Aim of the task = Starting at the line that contains "PORSCHE | 911" and stopping at the line that contains "Pat (Paolla Oliveira)", transcribe every line of the material below exactly; pictures stay out.

**** Supplied data

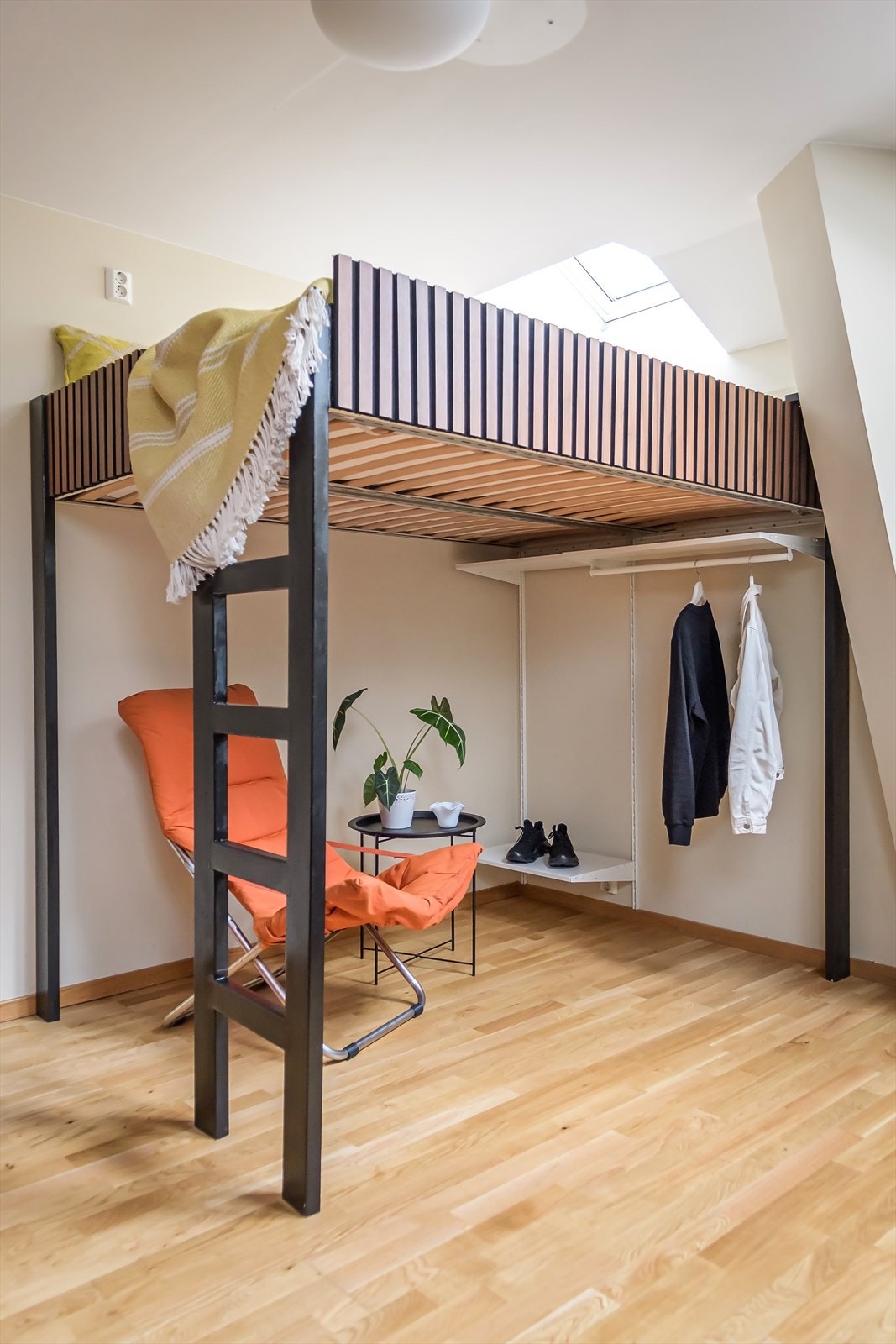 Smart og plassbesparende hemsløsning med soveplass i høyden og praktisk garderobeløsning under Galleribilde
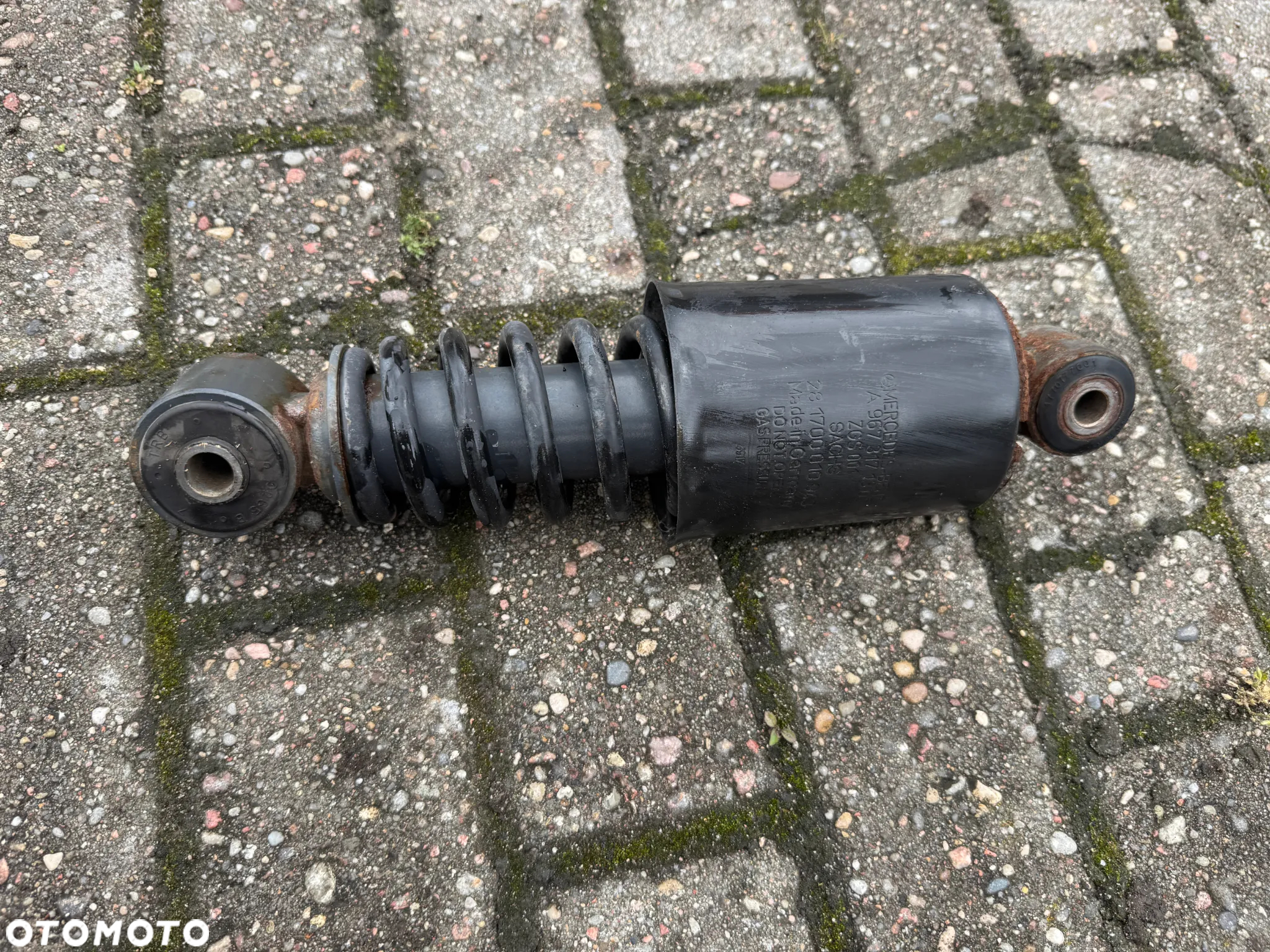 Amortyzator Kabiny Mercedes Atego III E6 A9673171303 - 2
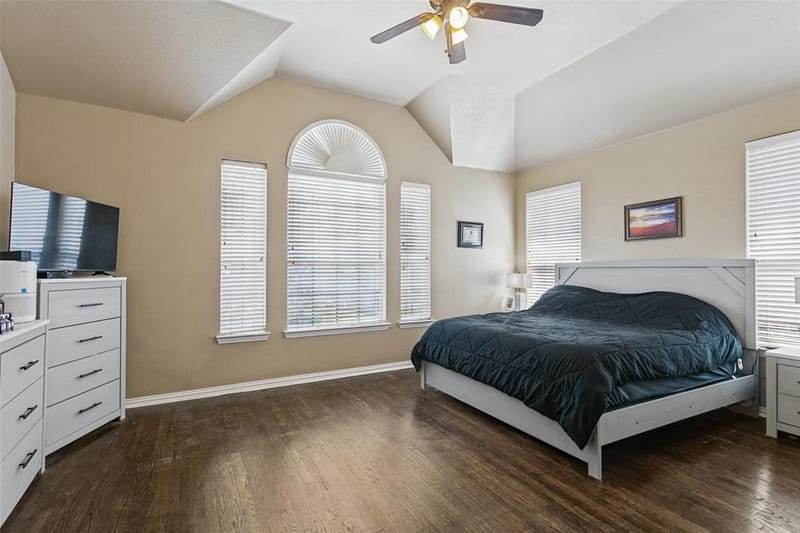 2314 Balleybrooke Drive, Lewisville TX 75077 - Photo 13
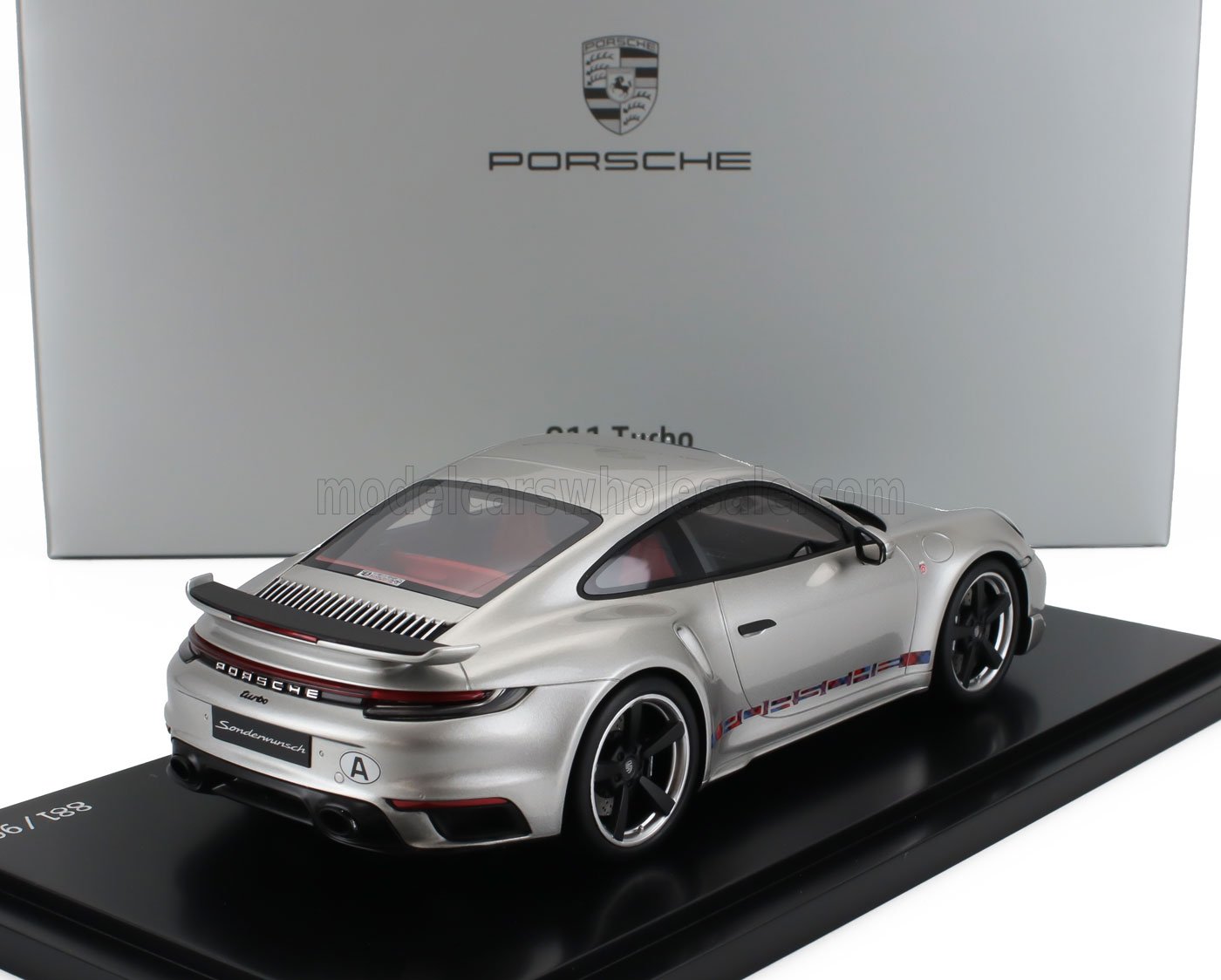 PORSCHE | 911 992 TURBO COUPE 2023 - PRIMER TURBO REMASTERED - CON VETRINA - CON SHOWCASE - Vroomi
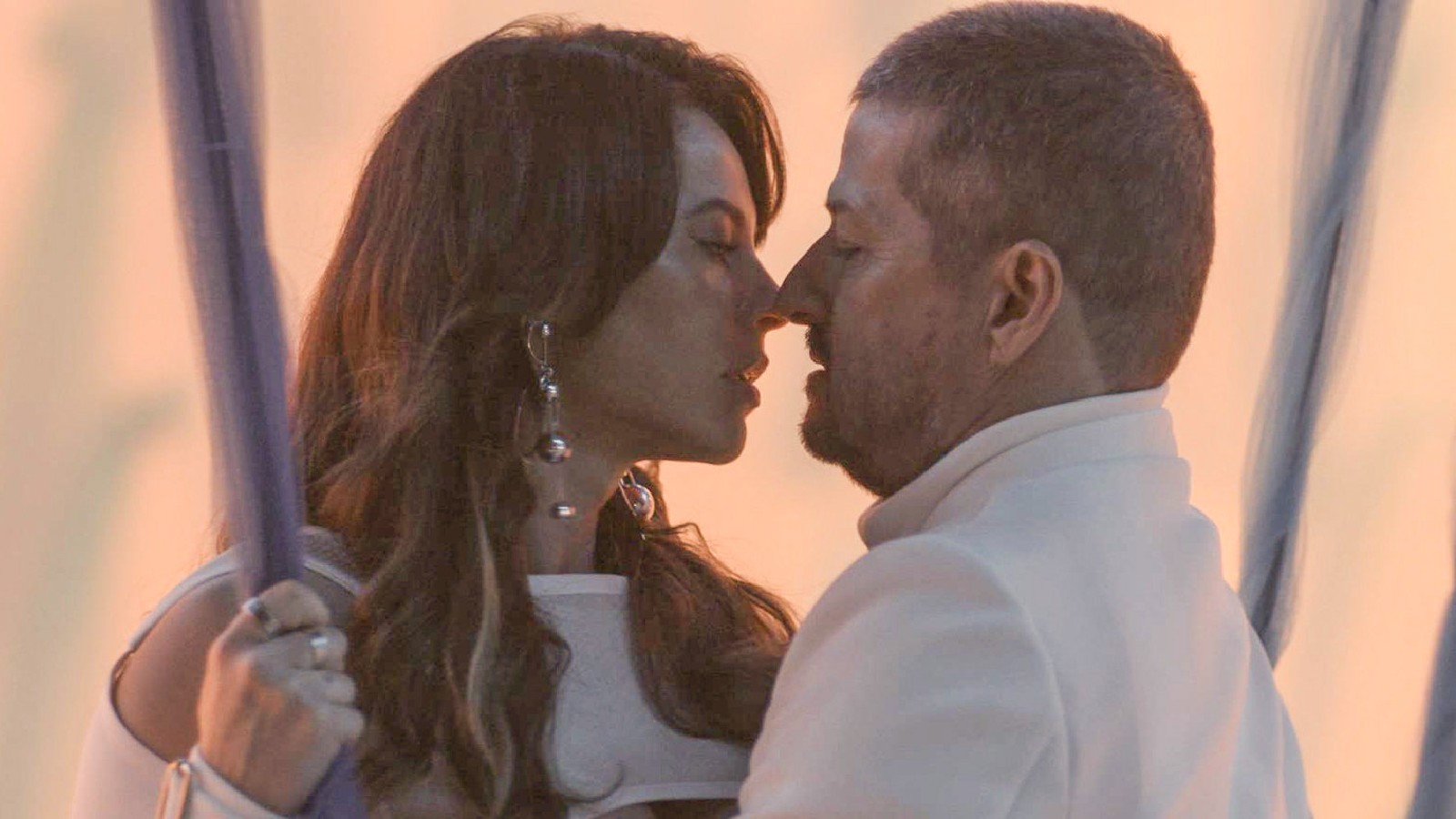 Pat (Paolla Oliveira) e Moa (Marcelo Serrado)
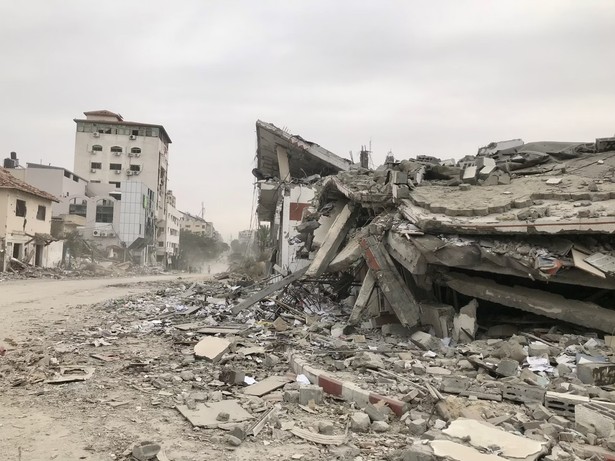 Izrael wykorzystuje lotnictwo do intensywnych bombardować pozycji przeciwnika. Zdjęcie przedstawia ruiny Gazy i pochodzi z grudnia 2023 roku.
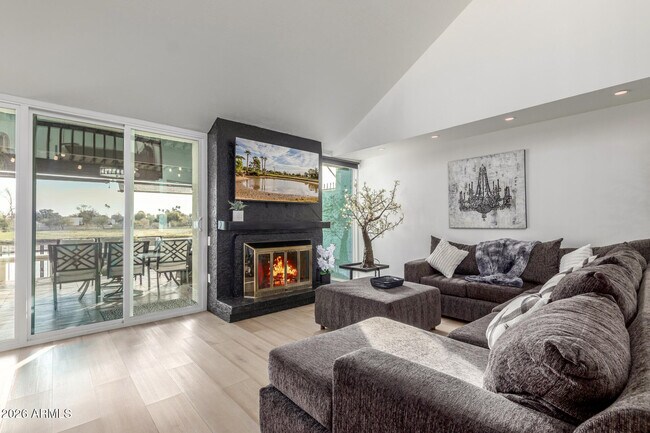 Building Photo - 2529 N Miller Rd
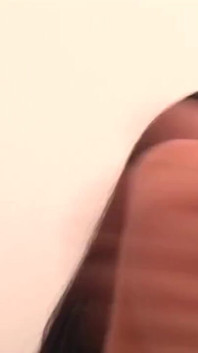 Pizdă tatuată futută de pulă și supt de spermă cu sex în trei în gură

********

Response to this task =
 PORSCHE | 911 992 TURBO COUPE 2023 - PRIMER TURBO REMASTERED - CON VETRINA - CON SHOWCASE - Vroomi
 Pat (Paolla Oliveira) e Moa (Marcelo Serrado)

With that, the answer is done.